Lo scandalo islamofobo scuote la Spagna: l’ex stella del Valencia invita al boicottaggio della Roja
1 aprile 2026
Contesto e reazioni
Durante l’amichevole tra Spagna ed Egitto, giocata per preparare le nazionali al Mondiale, sono stati intonati cori offensivi nei confronti dell’Islam. L’accaduto ha provocato una forte ondata di indignazione in Spagna e all’estero.
La polizia della Catalogna ha avviato un’indagine sull’episodio e la Federazione Spagnola di Calcio (RFEF) ha condannato i cori, insieme al commissario della squadra e ad altre personalità del calcio egiziano e spagnolo.
Mohammed Sissoko, ex giocatore che ha vestito le maglie di Valencia e Levante, ha espresso vergogna e dolore vedendo la partita: ha ritenuto che quanto successo non rifletta la realtà della Spagna.
Le parole di Sissoko e la voce della comunità
In un’intervista a AS, Sissoko ha detto che quanto è accaduto non è giusto né rappresenta ciò che ha vissuto in Spagna. Ha ricordato di aver incontrato in passato uno spirito diverso e ha chiesto che si faccia luce sull’accaduto.
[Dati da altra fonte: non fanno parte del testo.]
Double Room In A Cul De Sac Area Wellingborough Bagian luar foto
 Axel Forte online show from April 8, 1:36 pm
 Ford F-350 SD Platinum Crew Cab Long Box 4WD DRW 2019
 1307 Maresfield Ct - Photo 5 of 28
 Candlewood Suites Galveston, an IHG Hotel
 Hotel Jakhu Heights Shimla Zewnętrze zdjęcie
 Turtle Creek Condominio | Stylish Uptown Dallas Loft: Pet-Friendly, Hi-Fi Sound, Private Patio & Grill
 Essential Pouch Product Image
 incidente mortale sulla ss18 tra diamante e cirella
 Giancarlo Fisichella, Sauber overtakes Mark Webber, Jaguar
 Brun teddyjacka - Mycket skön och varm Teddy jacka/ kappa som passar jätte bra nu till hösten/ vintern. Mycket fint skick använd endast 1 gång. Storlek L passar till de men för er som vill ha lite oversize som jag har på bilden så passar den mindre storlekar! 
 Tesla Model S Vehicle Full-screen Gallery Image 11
Ha anche spiegato che l’immagine della Spagna non è quella che conosceva: non è la Spagna che ho vissuto. Ha sottolineato quanto sia doloroso per Lamine Yamal, giocatore di valore mondiale, subire tali insulti e ha espresso il desiderio che questa situazione non si ripeta.
Secondo i commenti raccolti dall’editoria sportiva, l’episodio ha spinto molti a chiedere una risposta ferma contro il razzismo dentro lo sport, affinché il calcio rimanga terreno di confronto e rispetto.
(Leggi anche)… Dei ignoranti e razzisti… Yamal esplode di rabbia dopo gli insulti
Per ora, resta aperta l’indagine e la discussione sull’immagine sportiva della Spagna, mentre Lamine Yamal continua a essere al centro della scena, un simbolo della necessità di unità tra culture diverse nel calcio.
Punchline 1: Se l’odio fosse un gol, la rete sarebbe in fuorigioco. Punchline 2: Almeno questa notizia ci ha ricordato che il vero fair play è rispettare gli esseri umani, non i cori.